Charlie replied: Hello! Thanks so much for pointing this out - replies are now (hopefully) fixed :)
I think it probably can be ethically justifiable to use AI to predict job performance if we use a definition of 'ethical' which means compliance with regulatory ethical frameworks, but only under very specific, carefully controlled circumstances. I also think the ethics of doing something like this vary based on who is using it as well: I will explain.
Speaking hypothetically, if this was going to be used by an *employer* I think the application would need to meet all of these criteria. I'm not an expert, but off the rip I think:
- No protected characteristics are used (e.g., race, gender, age, religion, disability).
- The model is transparent, explainable, and auditable (hard to decide thresholds).
- The predictions are used in conjunction with human judgment (how to achieve?).
- The AI is trained on relevant, validated indicators of performance (what could these be?).
- No proxies that may encode bias (e.g., zip code for socioeconomic status).
- There are fairness algorithms in place to mitigate disparate impact (look at classification resources on this site).
I think when you applied all of these things, you would have something that is fair by the book, but who knows if it could predict performance very well. And how would you even quantify performance? Categories, some kind of numerical value etc? So, maybe doable in compliance with regulation, but the practical value is debatable and the extent of how ethical this is in a more pure sense is still highly debatable. I think this makes it a much more interesting project to work on and discuss!
Another thing to think about is what if this tool could be used by people *applying* for a job to predict their own performance. In this case, depending on model performance when certain data is added or not (hard to measure model performance anyway because would need a lot of data on outcomes for users advised in either direction) maybe you would include otherwise excluded data in training the model because you would want the best possible projection? Of course, the issue of how you quantify good/bad suitability is still difficult, but I could see this having an interesting utility - helping people avoid jobs where they may be overworked, mistreated, unhappy etc. Of course, if you built this kind of model who is to say that employers wouldn't begin using it even if it isn't intended for them.

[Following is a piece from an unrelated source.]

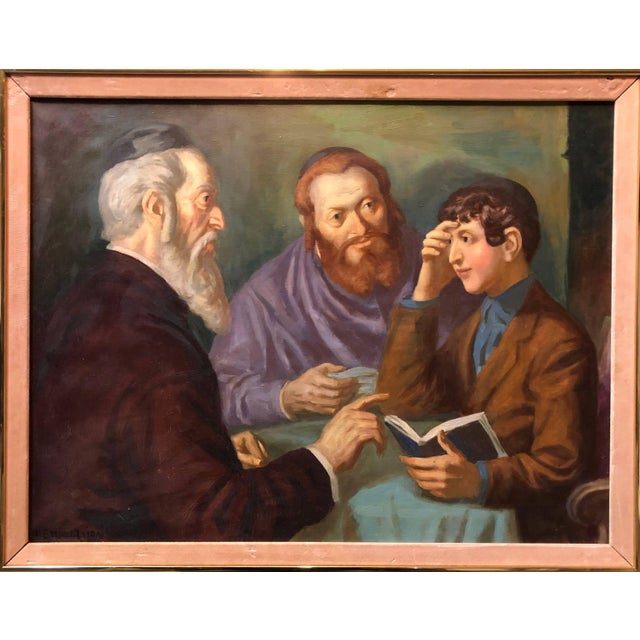 Hand signed lower left Oil on canvas A Bar Mitzvah boy Yeshiva Cheder test Rare Pre World War II (Pre Holocaust) Judaica...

This has been a long answer but in short I think, basically, that you can do this 'ethically' from the perspective of what the rules are, but more philosophically I don't know if it can be ethical. This is an interesting debate and question, and I think a really cool project this week would make this kind of model and also get into the weeds of is it ethical, is it not, how do we decide etc? It sounds like you might be doing this, and if so I am very much looking forward to your presentation on friday!
Hollytibble replied: You are right to be excited - be prepared to be both technically 'wowed' and filled with existential dread. Woo!
Hollytibble replied: also the voting function seems to be broken haha
Also another thought - for an employer maybe something better is just to flag somebody who definitely *wont* work out at the job due to some very specific criteria such as a conviction which will cause something like a DBS or Background check to fail, which is a requirement for the job.
In this case you could definitely say the model is completely ethical because it is just searching for a practically disqualifying criteria and marking the user as unsuitable because it is genuinely impossible.
In this case, you probably have to tackle preventing misuse - i.e. somebody applying the model to a criteria which is not practically disqualifying but preferentially disqualifying.
Also I suppose this then ends up being something different as a tool - I'm just thinking out loud.